:: Problem requirements ::
Go through the listing and copy each line that has the string "Gold" in it.

:: Data for review ::
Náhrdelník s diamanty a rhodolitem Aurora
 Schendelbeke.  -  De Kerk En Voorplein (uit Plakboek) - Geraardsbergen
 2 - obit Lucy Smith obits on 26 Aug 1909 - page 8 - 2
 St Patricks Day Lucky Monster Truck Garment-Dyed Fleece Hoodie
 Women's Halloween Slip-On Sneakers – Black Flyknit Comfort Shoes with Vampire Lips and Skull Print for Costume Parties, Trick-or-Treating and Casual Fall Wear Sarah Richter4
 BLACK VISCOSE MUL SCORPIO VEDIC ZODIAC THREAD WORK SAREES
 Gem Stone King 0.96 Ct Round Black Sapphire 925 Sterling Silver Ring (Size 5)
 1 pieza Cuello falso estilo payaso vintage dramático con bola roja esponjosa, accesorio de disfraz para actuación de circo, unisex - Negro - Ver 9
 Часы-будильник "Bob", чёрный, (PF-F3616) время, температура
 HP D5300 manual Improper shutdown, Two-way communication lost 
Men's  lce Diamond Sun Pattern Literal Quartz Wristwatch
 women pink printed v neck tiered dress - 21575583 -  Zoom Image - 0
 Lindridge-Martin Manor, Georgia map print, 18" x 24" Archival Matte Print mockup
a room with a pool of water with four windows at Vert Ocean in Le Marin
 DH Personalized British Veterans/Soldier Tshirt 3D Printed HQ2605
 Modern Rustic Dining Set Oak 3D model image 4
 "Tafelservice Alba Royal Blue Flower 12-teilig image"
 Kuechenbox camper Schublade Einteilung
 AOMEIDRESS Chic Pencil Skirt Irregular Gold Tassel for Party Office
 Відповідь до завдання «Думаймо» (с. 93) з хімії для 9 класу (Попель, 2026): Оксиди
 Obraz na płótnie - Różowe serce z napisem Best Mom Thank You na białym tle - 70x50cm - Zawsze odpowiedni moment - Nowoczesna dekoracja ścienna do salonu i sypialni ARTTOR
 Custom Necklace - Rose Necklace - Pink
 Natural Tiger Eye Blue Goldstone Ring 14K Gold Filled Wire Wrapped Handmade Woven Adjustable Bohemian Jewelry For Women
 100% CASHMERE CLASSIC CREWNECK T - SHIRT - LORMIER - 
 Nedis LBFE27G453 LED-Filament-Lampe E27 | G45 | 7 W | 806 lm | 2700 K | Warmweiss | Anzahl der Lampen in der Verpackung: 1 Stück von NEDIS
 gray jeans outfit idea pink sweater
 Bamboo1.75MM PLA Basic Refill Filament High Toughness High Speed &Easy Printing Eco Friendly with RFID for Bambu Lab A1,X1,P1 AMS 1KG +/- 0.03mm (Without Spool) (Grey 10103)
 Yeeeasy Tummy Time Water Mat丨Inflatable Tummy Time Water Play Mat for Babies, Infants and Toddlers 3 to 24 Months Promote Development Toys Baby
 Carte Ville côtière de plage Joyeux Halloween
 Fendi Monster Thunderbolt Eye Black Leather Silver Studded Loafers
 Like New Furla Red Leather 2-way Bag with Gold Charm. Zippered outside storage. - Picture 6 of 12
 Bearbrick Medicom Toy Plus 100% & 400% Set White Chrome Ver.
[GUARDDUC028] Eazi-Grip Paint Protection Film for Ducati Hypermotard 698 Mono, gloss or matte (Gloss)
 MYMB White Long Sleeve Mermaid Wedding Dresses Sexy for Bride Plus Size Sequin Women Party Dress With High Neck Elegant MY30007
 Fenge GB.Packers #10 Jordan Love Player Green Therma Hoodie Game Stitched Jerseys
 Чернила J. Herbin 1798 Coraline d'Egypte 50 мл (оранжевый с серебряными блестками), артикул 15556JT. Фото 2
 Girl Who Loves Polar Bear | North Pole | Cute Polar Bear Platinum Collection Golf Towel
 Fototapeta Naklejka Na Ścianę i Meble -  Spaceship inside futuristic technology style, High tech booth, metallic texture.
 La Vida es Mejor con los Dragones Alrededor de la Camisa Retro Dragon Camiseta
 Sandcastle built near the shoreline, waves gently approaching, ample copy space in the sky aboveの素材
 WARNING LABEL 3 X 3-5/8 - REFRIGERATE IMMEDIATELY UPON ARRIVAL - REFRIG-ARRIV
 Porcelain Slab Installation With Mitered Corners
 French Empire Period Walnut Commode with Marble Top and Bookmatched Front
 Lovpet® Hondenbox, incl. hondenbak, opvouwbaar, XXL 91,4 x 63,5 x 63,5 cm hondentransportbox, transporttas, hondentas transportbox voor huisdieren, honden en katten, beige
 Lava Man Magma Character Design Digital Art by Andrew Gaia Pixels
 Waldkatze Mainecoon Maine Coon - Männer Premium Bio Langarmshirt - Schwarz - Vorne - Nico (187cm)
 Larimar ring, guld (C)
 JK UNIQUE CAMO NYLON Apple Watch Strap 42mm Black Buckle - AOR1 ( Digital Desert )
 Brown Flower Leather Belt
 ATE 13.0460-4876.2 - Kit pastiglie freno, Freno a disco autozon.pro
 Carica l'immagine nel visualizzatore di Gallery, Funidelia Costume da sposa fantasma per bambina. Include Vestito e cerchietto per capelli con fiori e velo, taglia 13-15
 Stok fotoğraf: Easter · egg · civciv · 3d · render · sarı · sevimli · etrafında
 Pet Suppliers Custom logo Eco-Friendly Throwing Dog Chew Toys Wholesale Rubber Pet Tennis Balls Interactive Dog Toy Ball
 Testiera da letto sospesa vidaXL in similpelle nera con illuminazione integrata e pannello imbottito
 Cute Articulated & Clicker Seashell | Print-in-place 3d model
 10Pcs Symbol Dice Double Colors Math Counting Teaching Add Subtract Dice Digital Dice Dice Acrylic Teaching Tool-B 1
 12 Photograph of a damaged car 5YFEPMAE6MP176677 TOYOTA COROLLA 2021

:: Answer below ::
 AOMEIDRESS Chic Pencil Skirt Irregular Gold Tassel for Party Office
 Natural Tiger Eye Blue Goldstone Ring 14K Gold Filled Wire Wrapped Handmade Woven Adjustable Bohemian Jewelry For Women
 Like New Furla Red Leather 2-way Bag with Gold Charm. Zippered outside storage. - Picture 6 of 12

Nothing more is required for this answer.